Amy Lebowitz, R J Baken
Journal of Voice 2011, 25 (2): 159-65
The purpose of the present study was to further clarify a definition of belting in physiological and acoustic terms. Twenty professional female singers produced triads ascending by halftone steps from C₄ to C₅ and sang the last four measures of a popular Broadway ballad in both legit and belt styles. Vocal source differences between belt and legit singing modes were assessed with respect to closed quotient (CQ) and speed quotient (SQ) computed from the electroglottographic waveform during productions of /ma/ triads covering approximately one octave.
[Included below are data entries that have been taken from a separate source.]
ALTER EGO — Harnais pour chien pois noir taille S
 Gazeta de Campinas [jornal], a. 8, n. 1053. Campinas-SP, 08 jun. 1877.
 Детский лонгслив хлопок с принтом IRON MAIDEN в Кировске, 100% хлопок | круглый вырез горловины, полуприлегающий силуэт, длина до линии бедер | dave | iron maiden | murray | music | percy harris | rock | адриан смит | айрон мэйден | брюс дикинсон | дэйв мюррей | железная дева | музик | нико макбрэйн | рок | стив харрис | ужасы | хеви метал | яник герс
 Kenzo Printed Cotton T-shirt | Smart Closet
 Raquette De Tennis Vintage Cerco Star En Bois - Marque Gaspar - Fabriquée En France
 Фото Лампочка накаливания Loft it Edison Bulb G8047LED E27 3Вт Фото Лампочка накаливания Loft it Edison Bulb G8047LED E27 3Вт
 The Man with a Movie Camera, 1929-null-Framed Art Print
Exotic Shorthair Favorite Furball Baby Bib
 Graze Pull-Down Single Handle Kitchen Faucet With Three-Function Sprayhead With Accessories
Differences in supraglottal configuration were evaluated in terms of the ratio (dB) of the amplitudes of the first and second harmonics of /I/ sustained at the pitch A₅(b), as noted in the long-term average spectrum. CQ did not vary significantly as a function of the singing type. SQ, however, decreased monotonically in association with increasing pitch level in both legit and belt singing styles. Belt mode phonations had higher SQ's than those of legit mode phonations at the same pitch. A repeated-measures analysis of variance demonstrated that the data differences associated with both pitch level and with singing mode were significant beyond P < 0.01. Analysis of the relative magnitude of the first and second harmonics showed that the direction of the harmonic ratio varied between styles. In legit singing style, H₁ was always stronger than H₂, but this unidirectionality of amplitude was not characteristic of belt singing, for which the second harmonic had greater amplitude in 25% of the cases. Implications of these results are discussed with regard to a new definition of belting.